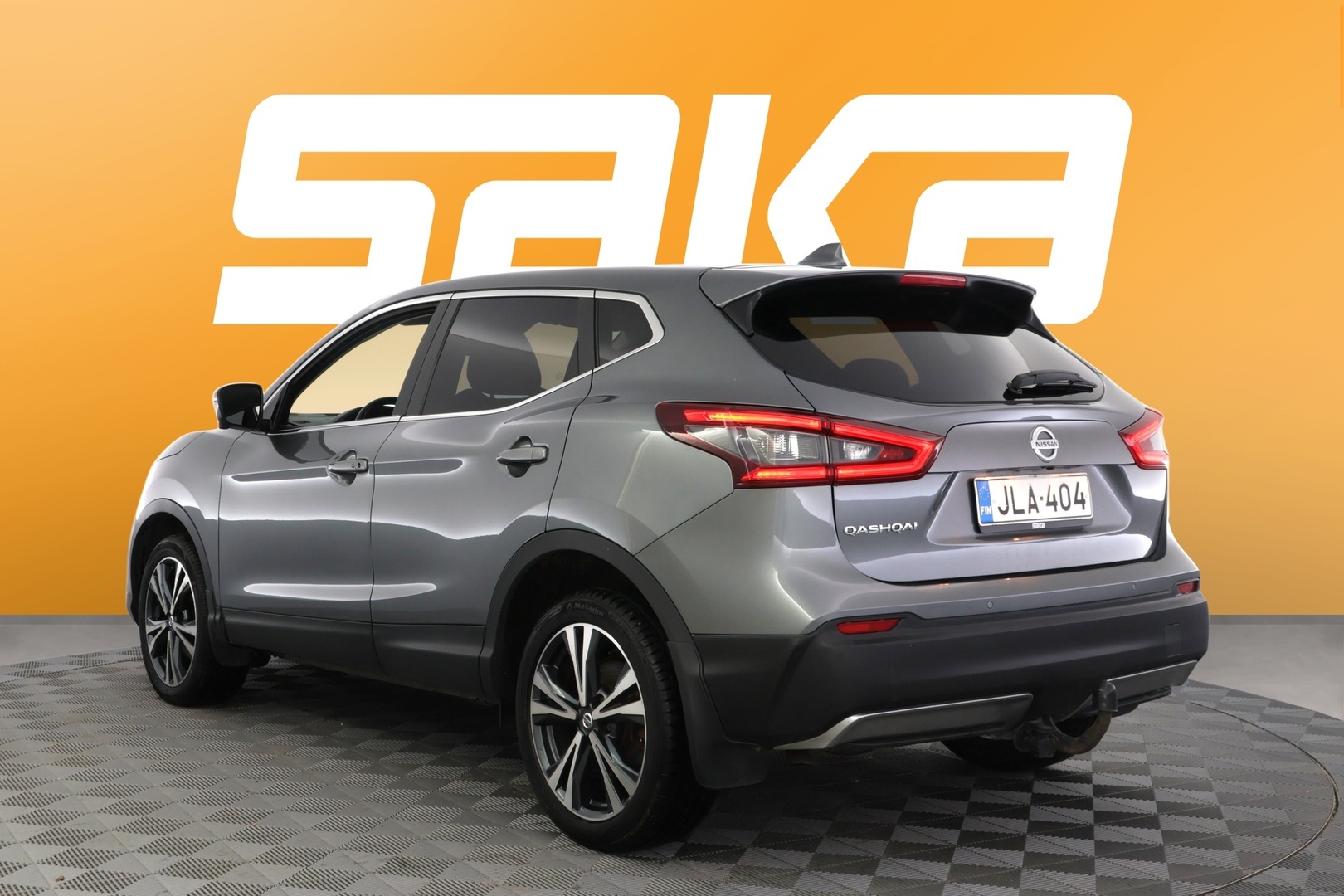 NISSAN Qashqai 2019
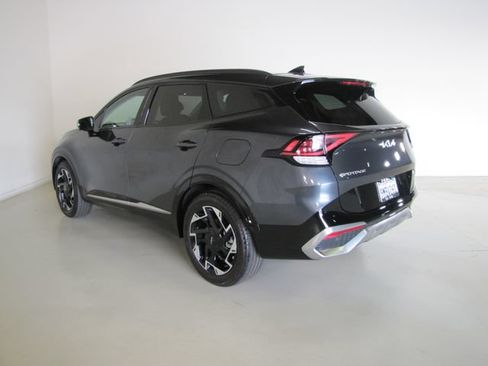 Used 2024 Kia Sportage SX FWD image 23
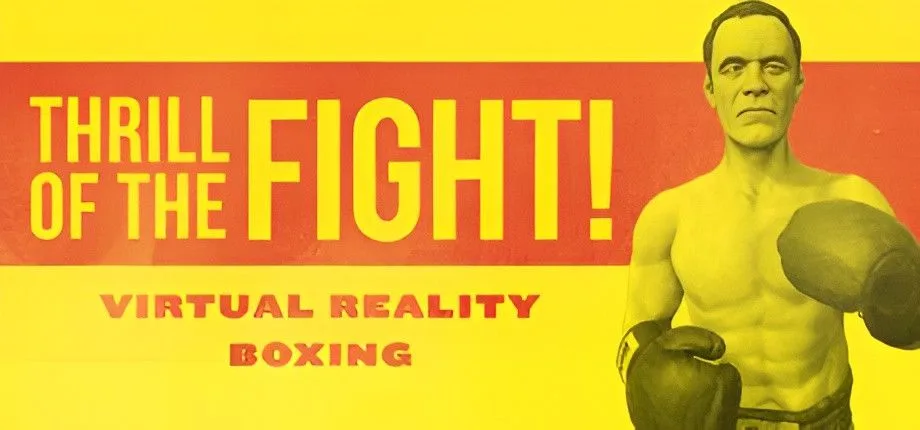 The Thrill of the Fight – VR Boxing Free Download (Build 4641271)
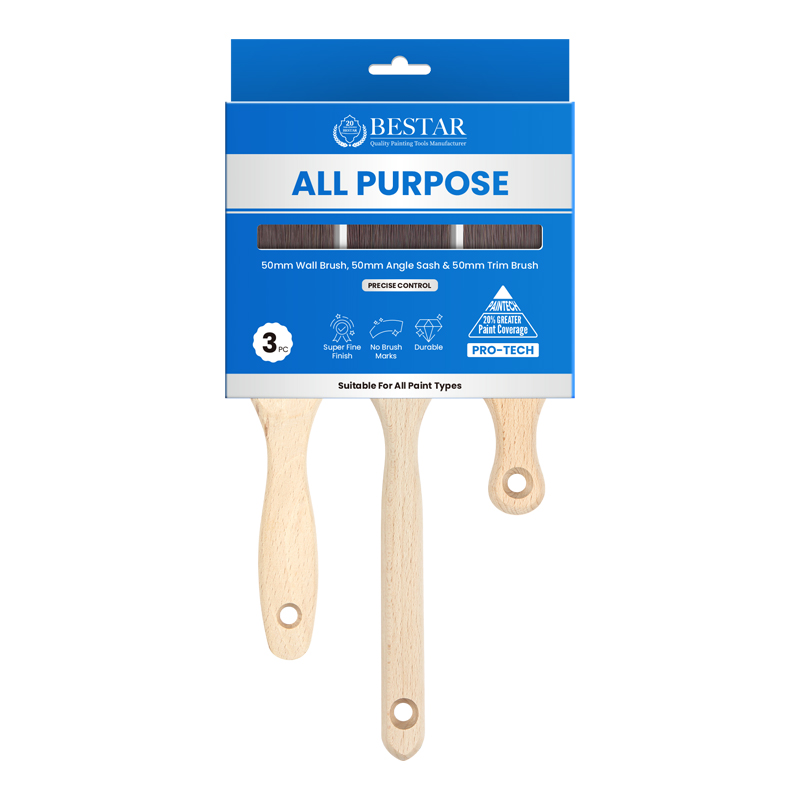 Boya fırçası kiti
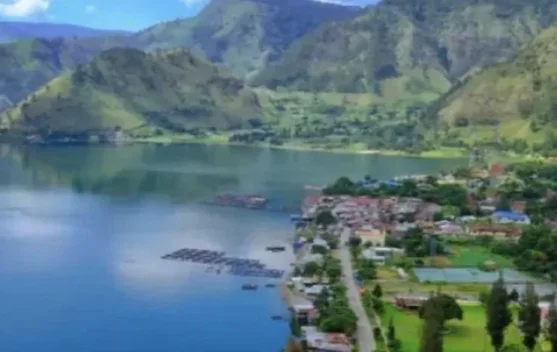 Danau Toba Jadi Magnet Wisata Sumatera Utara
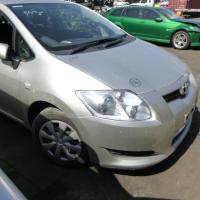 Toyota 2007 ~ 2012 Corolla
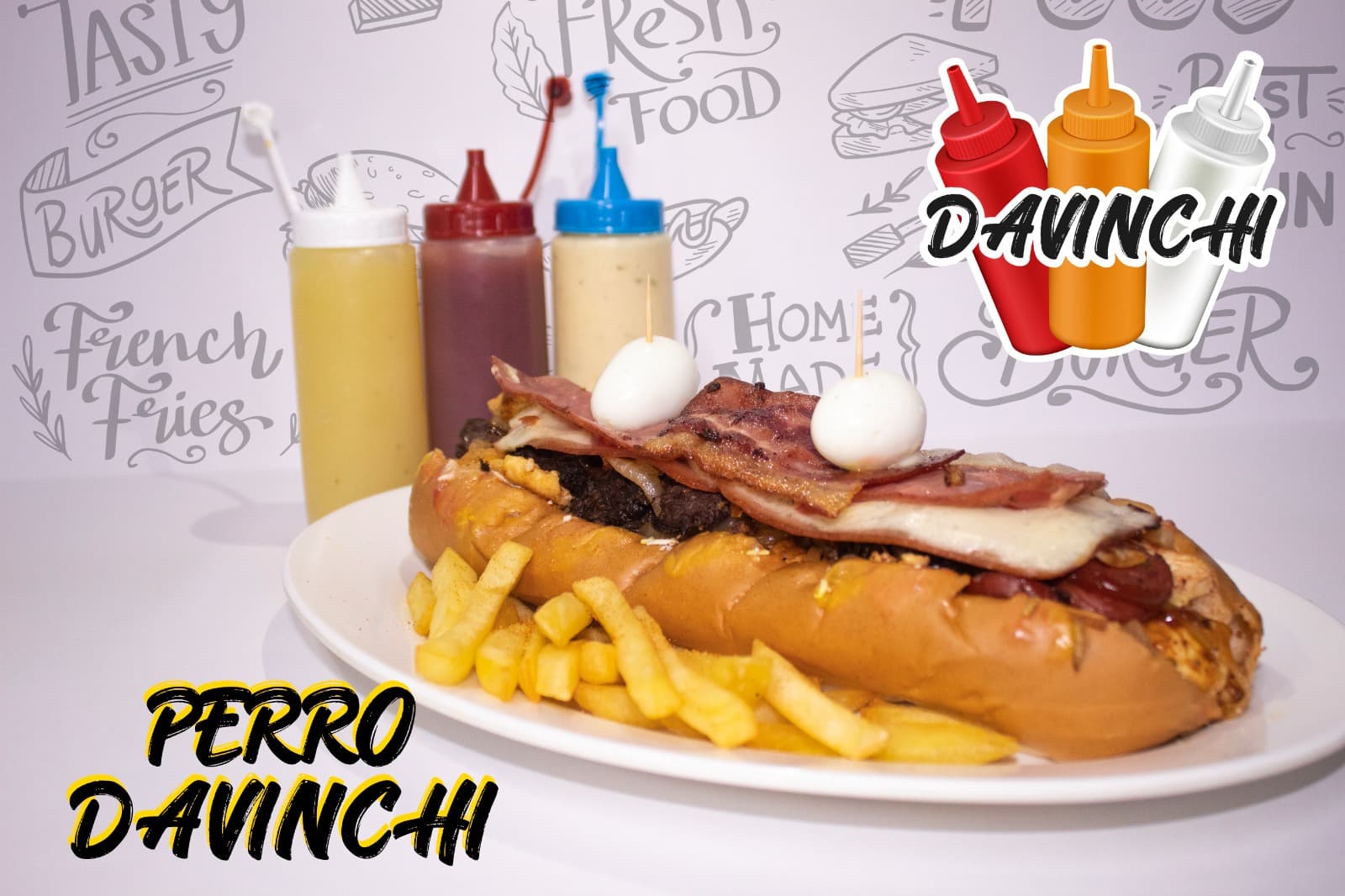 Perro Davinchi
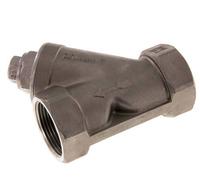 G1 1/4'' Y-Strainer 0.6mm 30-Mesh Stainless Steel PTFE 40bar/580psi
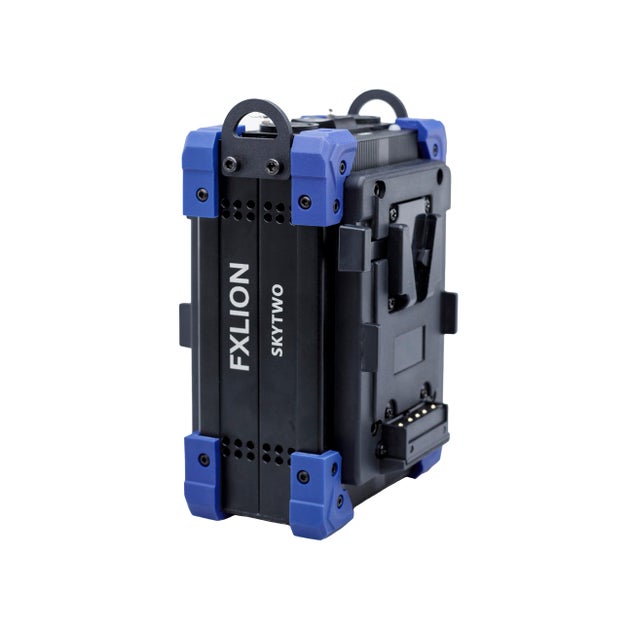 FXLION SKYTWO - 48V / 24V DC Output Adapter V-Mount - FXLION | Bellalite FXLION SKYTWO - 48V / 24V DC Output Adapter V-Mount - FXLION | Bellalite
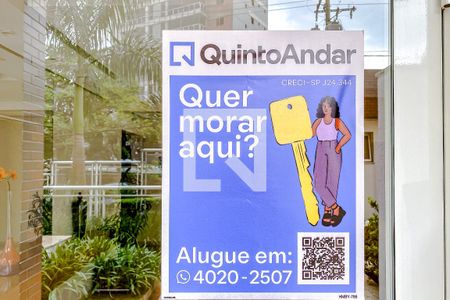 Apartamento para alugar com 55m², 2 quartos e 2 vagasPlaquinha
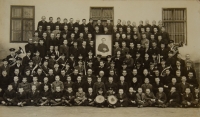 Salesiánští chovanci, Fryšták 1935-1936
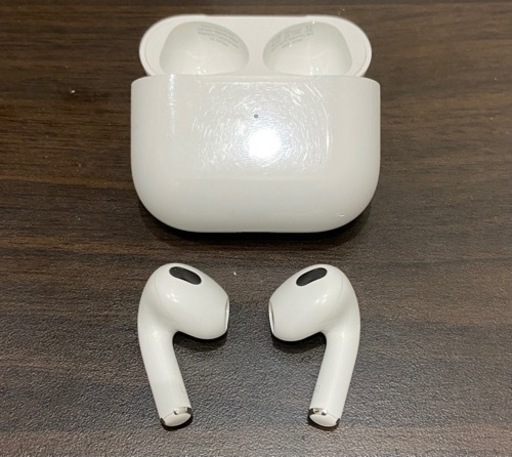 【即渡し可能！】AirPods (第 3 世代)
━━━━
◆ **WORK REQUIRED**:
The answer must consist of the line containing "Salesiánští chovanci, Fryšták 1935-1936" and every line after it through the end of the records, retyped exactly, with all pictures left out.

◆ **WRITTEN RESPONSE**:
 Salesiánští chovanci, Fryšták 1935-1936
 【即渡し可能！】AirPods (第 3 世代)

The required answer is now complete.